I couldn’t breathe…my tears were causing me to drown in sorrow and anguish. Not having children of my own, My animals are
my children. 2010 was a bad year for my animals and for me. I had two cats, one a black and white tuxedo, and one a white and black domestic short hair. Sneakers and Smudge. I had them for eight years. They were my life. Within six months of each other, they were gone and I was devastated, trying to breathe, trying to function. How could this be? They were indoor cats, pampered and sheltered. Smudge went first, the victim of a stroke. Sneakers died six months after, the victim of insecticide spray (I did not use it, my mother did).

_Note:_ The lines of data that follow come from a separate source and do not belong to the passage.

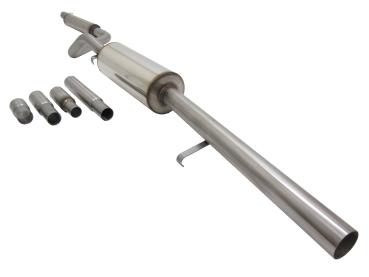 Novus Edelstahl Sportauspuffanlage für VW Jetta 1 (16) – 1x60 mm Endrohr, EG-Betriebserlaubnis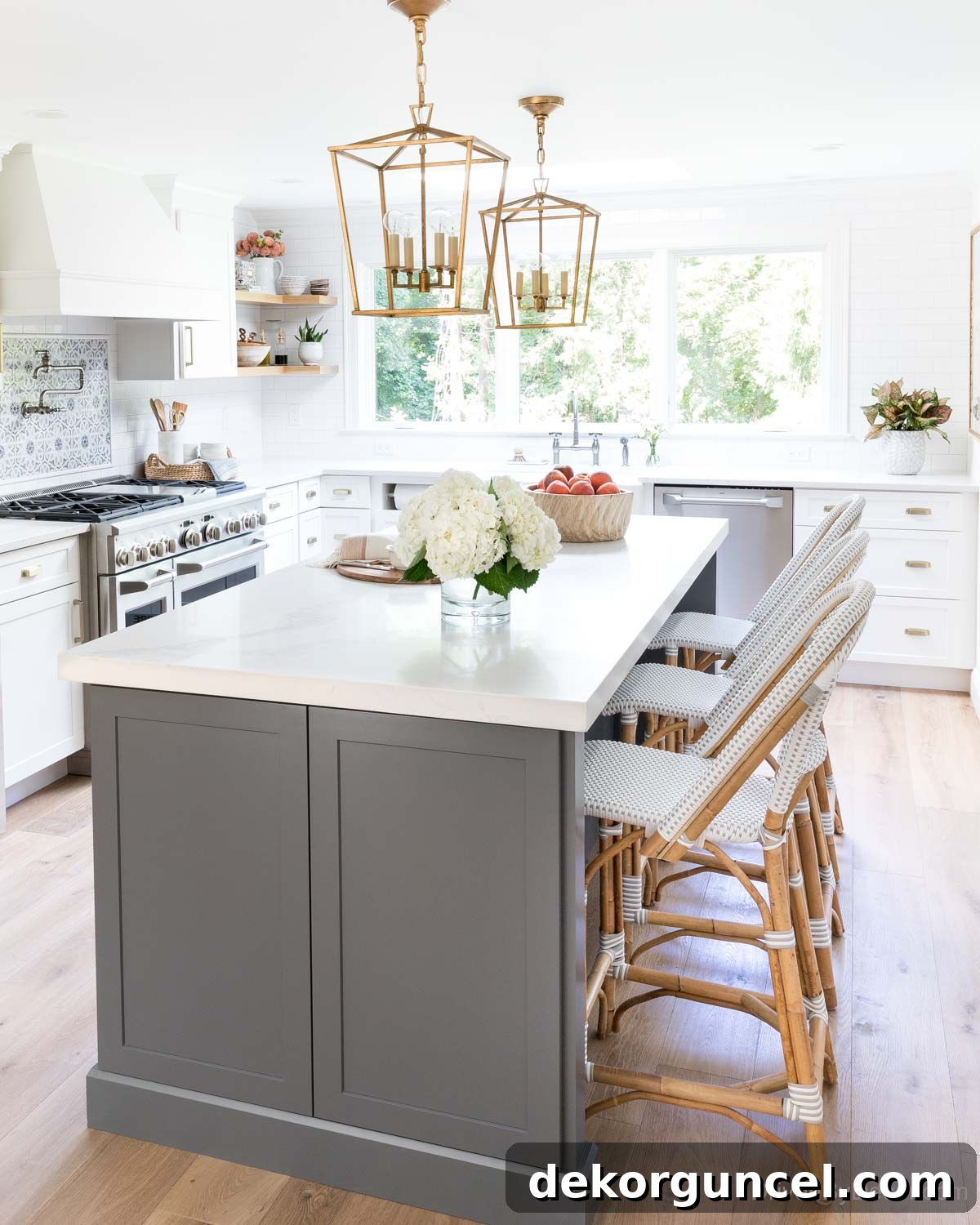 Kitchen after renovation, transformed into a functional and beautiful space without the fireplace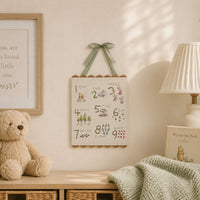 Winnie the pooh number plaque for a baby nursery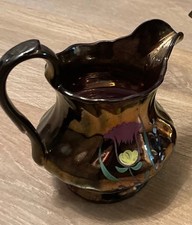 Victorian Lustre Ware Milk Jug. Good Condition For Age. 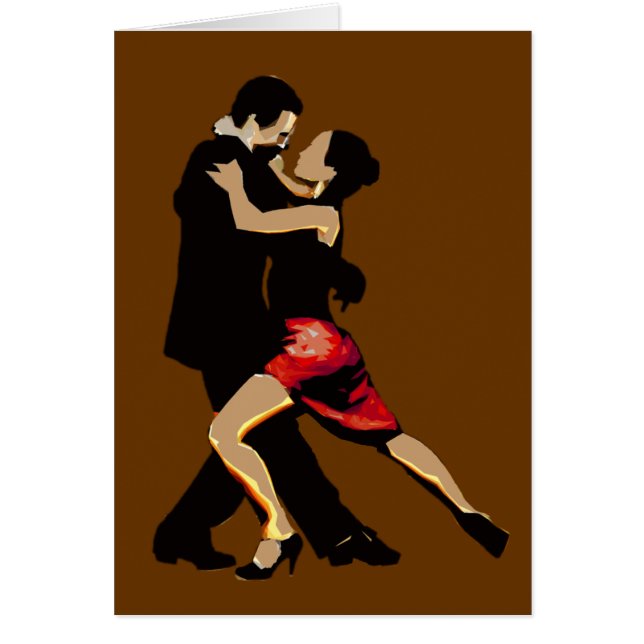 tarjeta brown1 abstracto (Frente)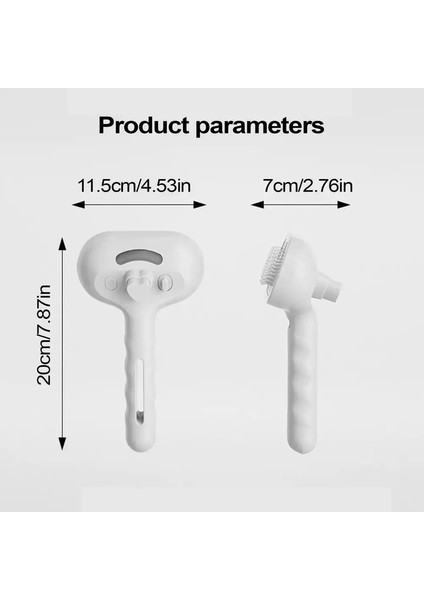 Yükseltilmiş Pet Sprey Tımarlama Buharlı Yüzen Epilasyon Temizleme Buharlı Fırça Stil Malzemeleri Köpekler Için Kediler Aksesuarlar: Beyaz (Yurt Dışından)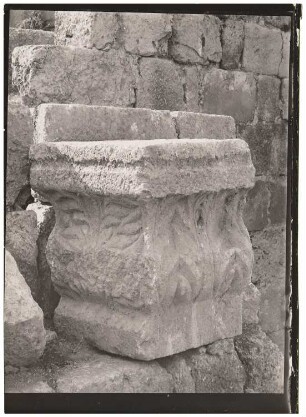 Steinfragment, Baalbek: Ansicht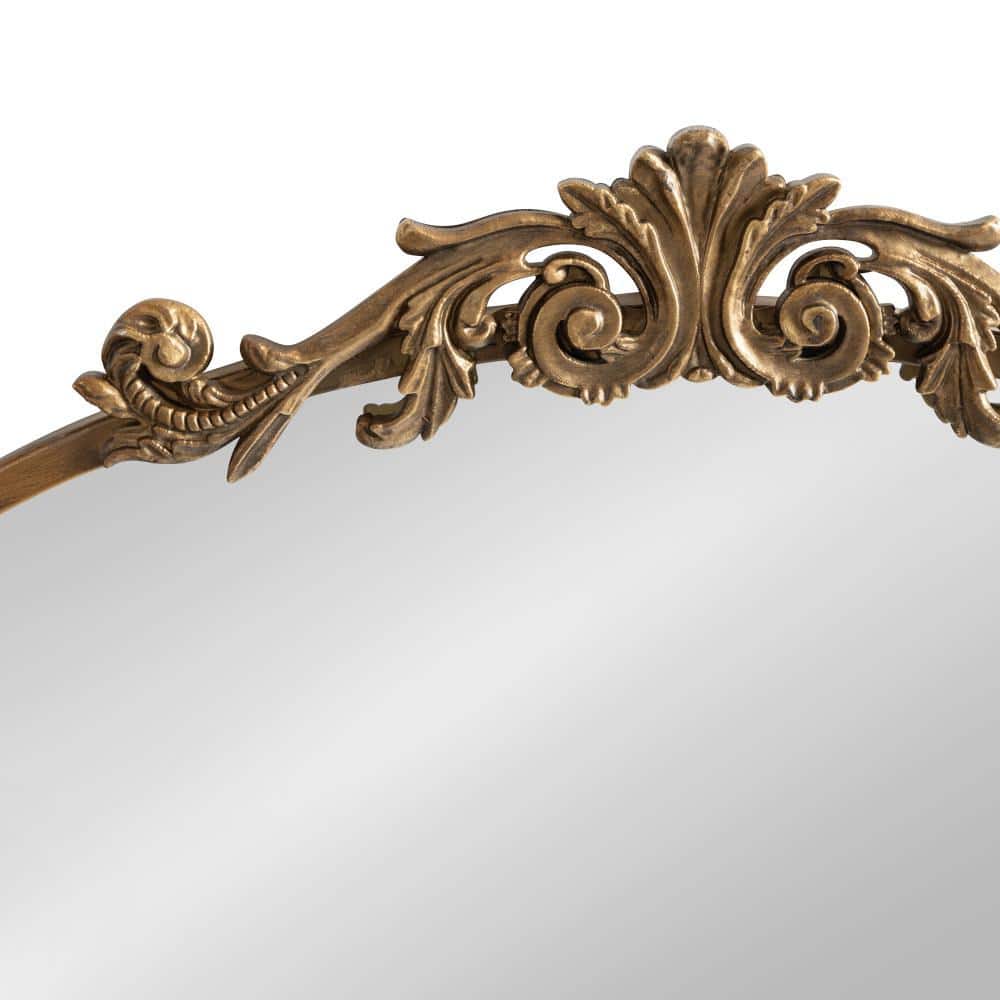 Arendahl Gold 24" x 42" Baroque Arch Wall Mirror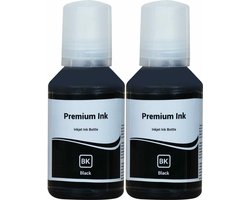 Inkt Geschikt voor Epson EcoTank 102 | Multipack van 2x Zwart Inktpatronen - Geschikt voor Epson EcoTank Printer ET-2700 - ET-2750 - ET-2751 - ET-2851 - ET-3700 - ET-3750, ET-3850 - ET-4750 - ET-4850 - ET-15000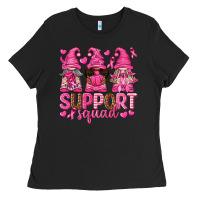 Black Support Squad with Gnomes Ladies Tee - texasbilliewilder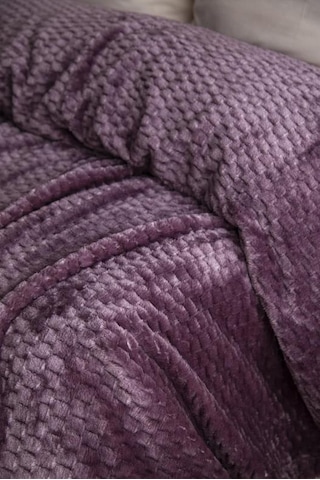 Ap Jakarlı Tek Kişilik Mürdüm Trusty Battaniye 160 220 Mürdüm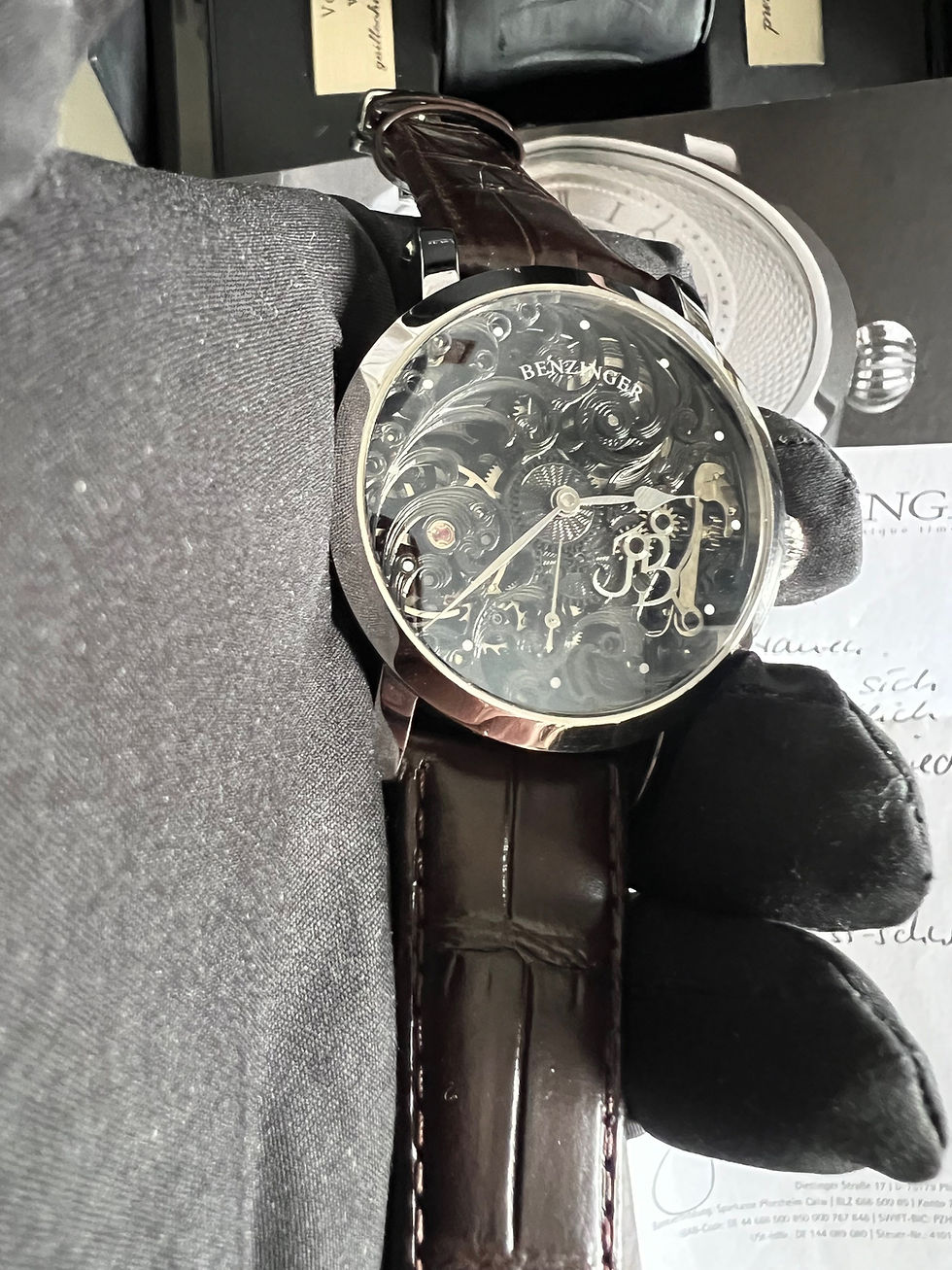 Benzinger Skelett Vollskelett Floral Black neue Revision August 2025 bei Benzing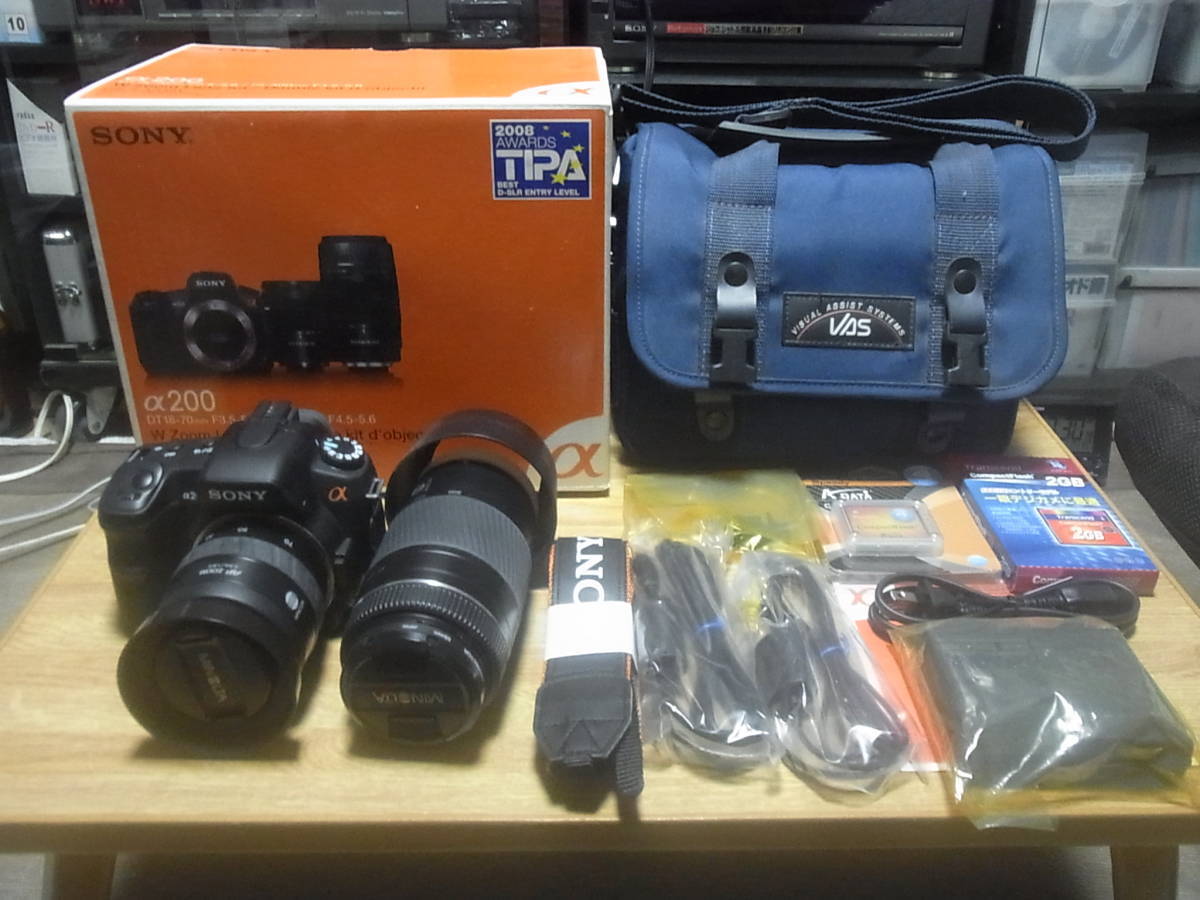 利用小✨SONY α200 Zoom Lens Kit 【公式通販】 利用小✨SONY α200 Zoom Lens Kit 【公式通販】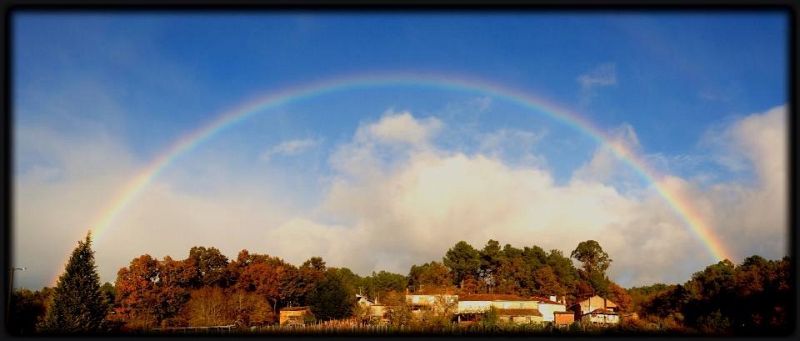 Arcoiris el día de mi cumpleaños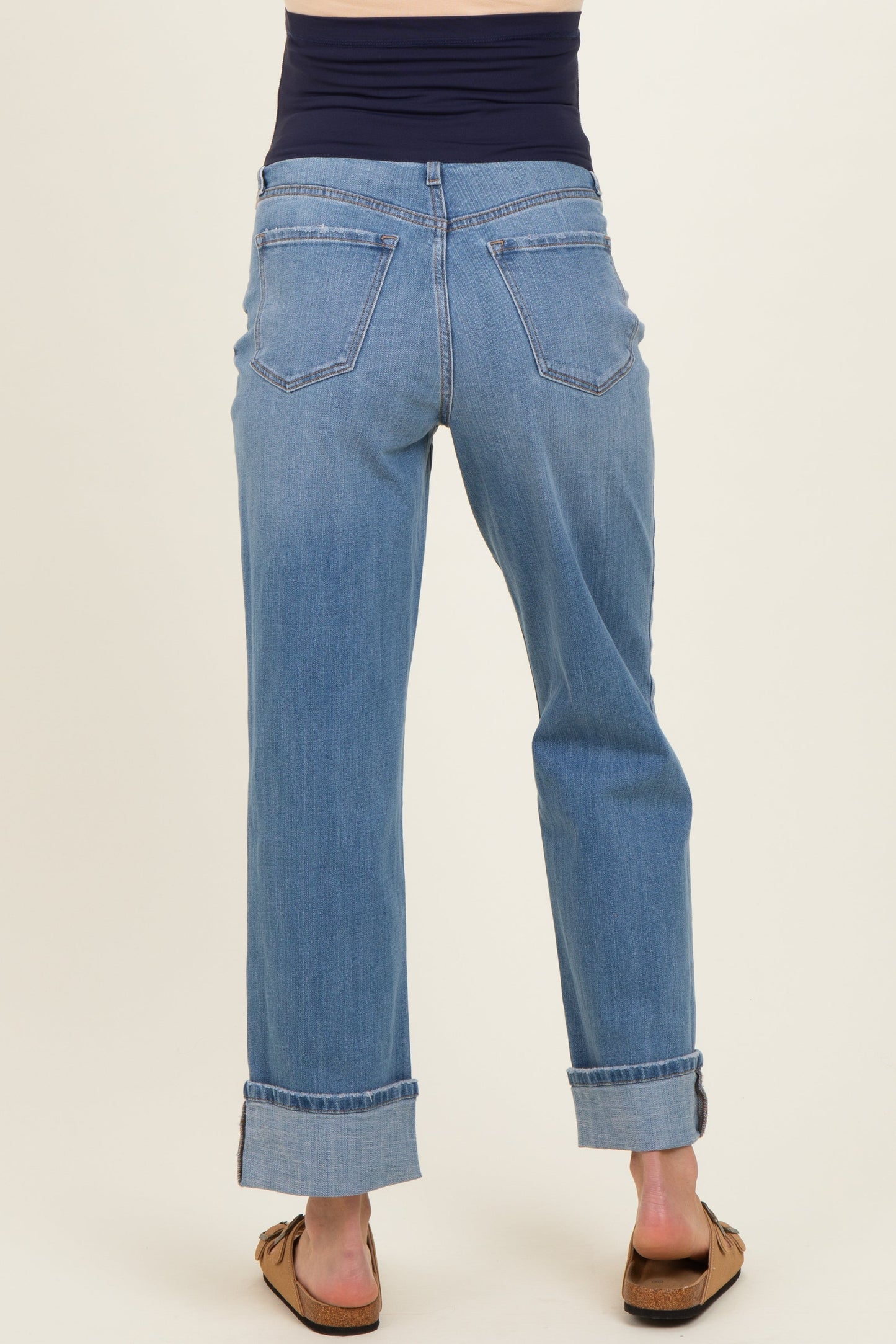 Medium Maternity Dad Jean With Cuff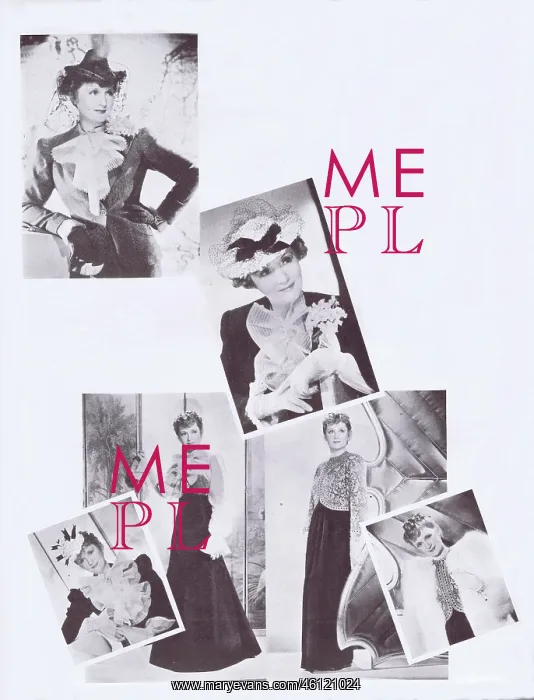 : Billie Burke wearing range of Dolly Tree creations : Billie Burke wearing range of Dolly Tree creations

He had organ failure.
With my heart in a million shattered pieces, I went to the shelter. It had only been a couple of days, but I knew if I didn’t have something to love, I would not get through the heartbreak. The house was so empty. The food bowls and litter box evidence of loss. I felt directed to go to the Halifax Shelter. I steeled myself to face the need of the shelter’s inhabitants. No, I could not take them all home. I could only take one. There were so many and I had to put it out of my head that this shelter does euthanize. One. For me. Now. Stay focused. Breathe even though it hurts.
I said to myself, you’ll know it when you see it. You will fall in love with one, and that is The One. They allowed you to hold one at a time. There was a volunteer getting the cats out of their cages, which were clean and odor free. I must have held ten kittens, all the while watching the kitten in the arms of the man who was seated to my right. He was speaking to the kitten, and I strained to hear what he was saying. “You have to let them see your personality…You have to be at your best… Someone will take you home…” He was trying to find a good home for this special kitten. I asked to hold her. She was The One. I assured the man she was going to an excellent home. I picked her up the following day. I could breathe again. My heart was still broken, but there was light at the end of the black tunnel.
Bella (Yes, I’m a Twilight fan, so sue me)Bella is a Maine Coon. So pretty with her strips, her fluffy tail, her thick coat, but it’s her personality that makes her extraordinary. She is dog-like in her demeanor, greeting me with ferocity and adulation. We are joined at the hip and inseparable. I can finally breathe again.